- Your goal: Leaving the pictures aside, repeat every line below exactly.

- Provided material:

━━━━━━━━━━━━━━━━

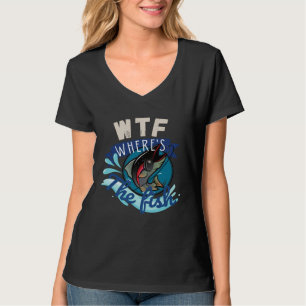 WTF Waar Is De Vis Retro Vissen T-shirt
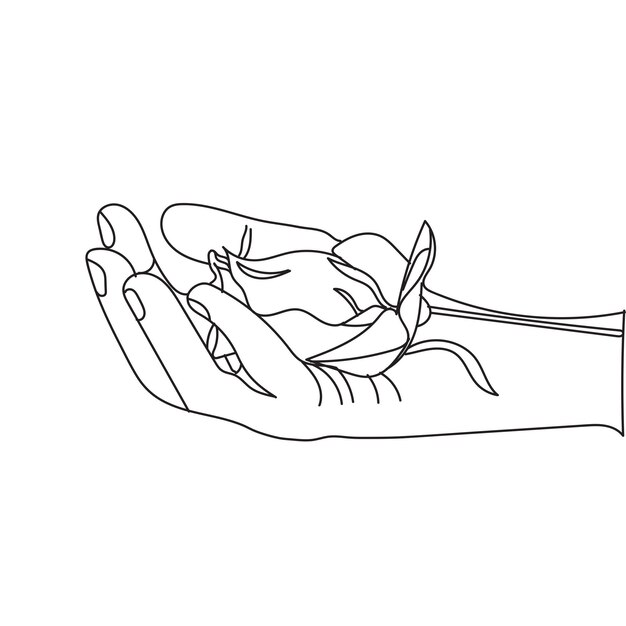 Flor en la ilustración de vector de arte de línea de mano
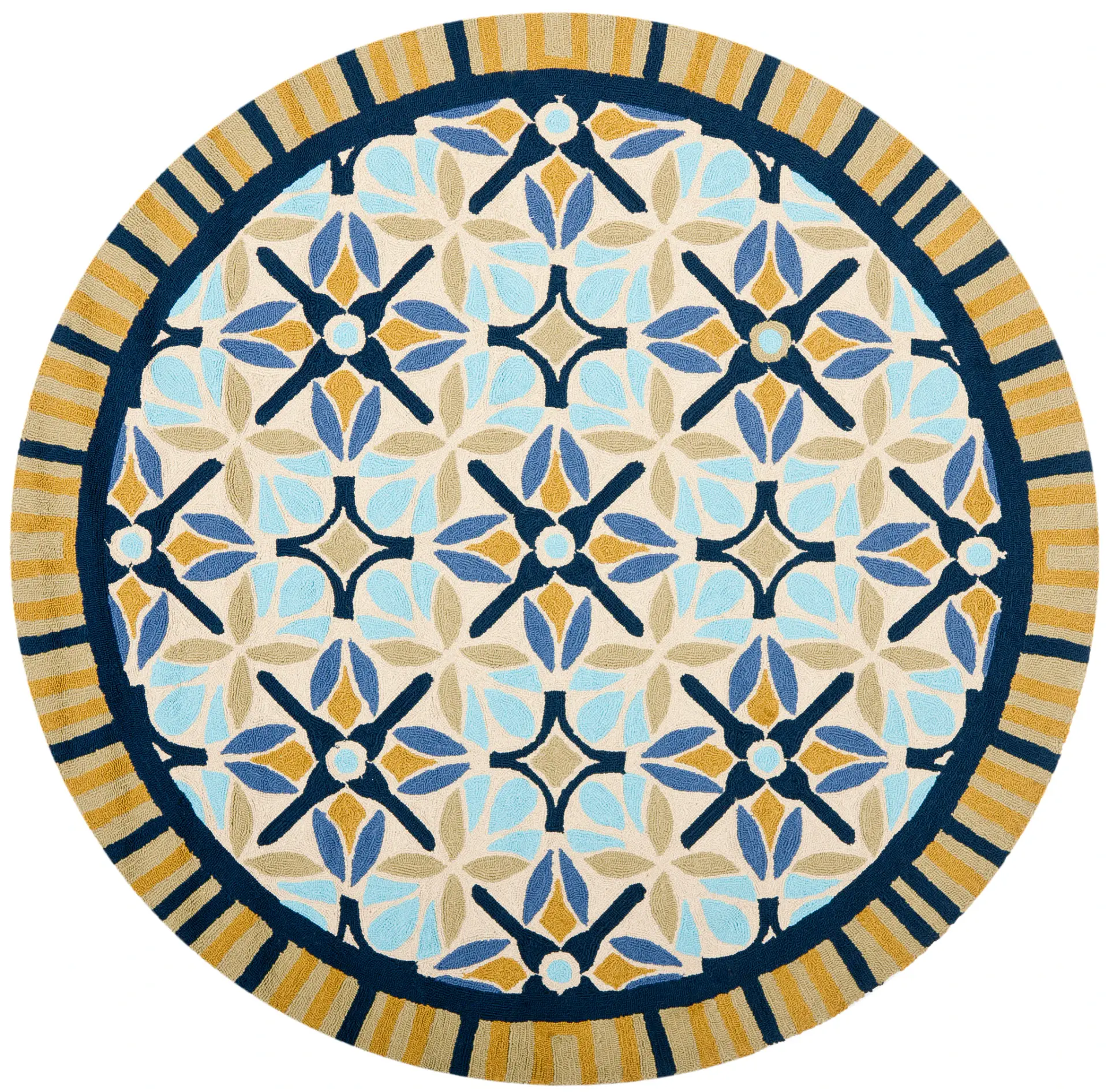 Four Seasons Star Tile Hand-Hooked Rug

━━━━━━━━━━━━━━━━

- Solution for this task:
 WTF Waar Is De Vis Retro Vissen T-shirt
 Flor en la ilustración de vector de arte de línea de mano
 Four Seasons Star Tile Hand-Hooked Rug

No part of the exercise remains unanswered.